Task brief. Exactly as written, transcribe the data from its opening line through the line containing "Simply Southern Don't". Leave every picture out.

Information provided.
/---
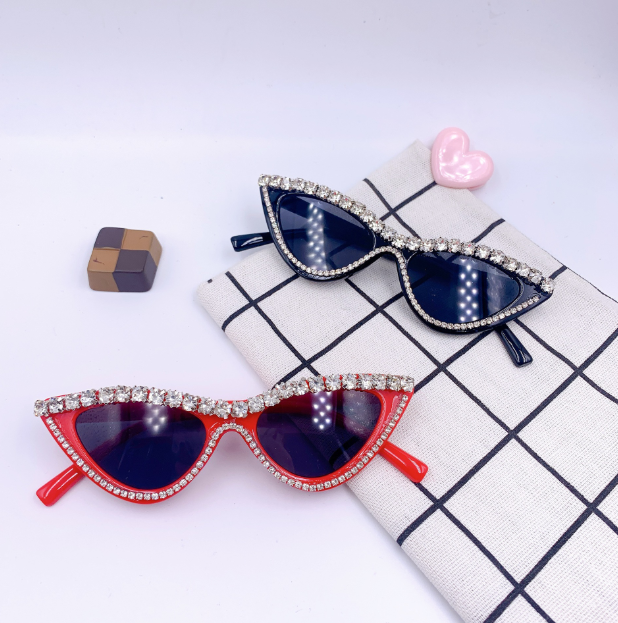 5 Colors Fashion Kids Boys Girls Sunglasses Solid Color Diamond Outdoor Casual Glasses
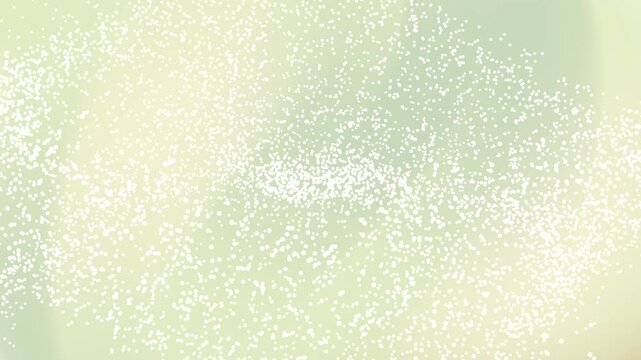 Particles Flow and Shimmer Across a Soft Cream and Light Green Gradient Background Creating an Ethereal and Dreamy Abstract Motion Graphic for Modern Presentations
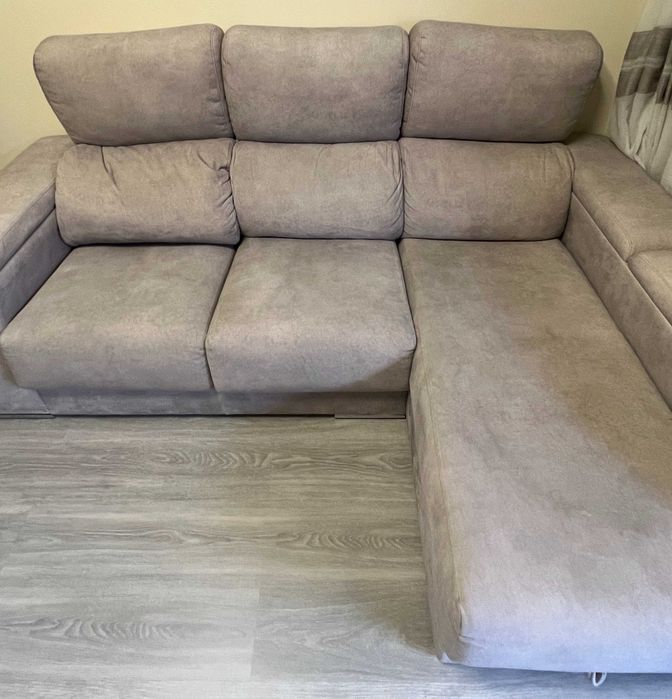 Sofá retrátil de canto 3 lugares com Chaise e Baú de armazenamento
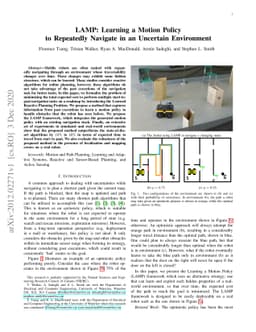 LAMP: Learning a Motion Policy to Repeatedly Navigate in an Uncertain
  Environment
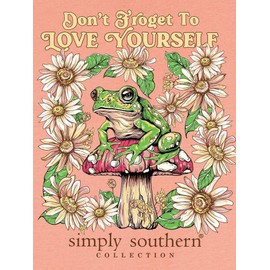 Simply Southern Don't Froget to Love Yourself Youth T-Shirt (Medium) Peach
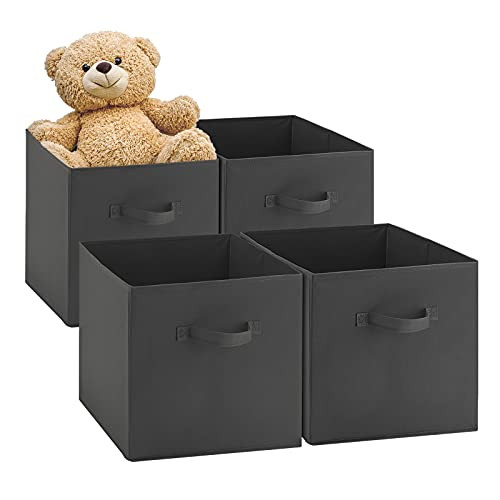 NesTidy 13x13x13 Fabric Storage Cubes, Foldable Storage Cubes Organizer with Handle, Cubes Storage Bins for Closet and Shelf, Black - Pack of 4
\---
Solution for this exercise.
 5 Colors Fashion Kids Boys Girls Sunglasses Solid Color Diamond Outdoor Casual Glasses
 Particles Flow and Shimmer Across a Soft Cream and Light Green Gradient Background Creating an Ethereal and Dreamy Abstract Motion Graphic for Modern Presentations
 Sofá retrátil de canto 3 lugares com Chaise e Baú de armazenamento
 LAMP: Learning a Motion Policy to Repeatedly Navigate in an Uncertain
  Environment
 Simply Southern Don't Froget to Love Yourself Youth T-Shirt (Medium) Peach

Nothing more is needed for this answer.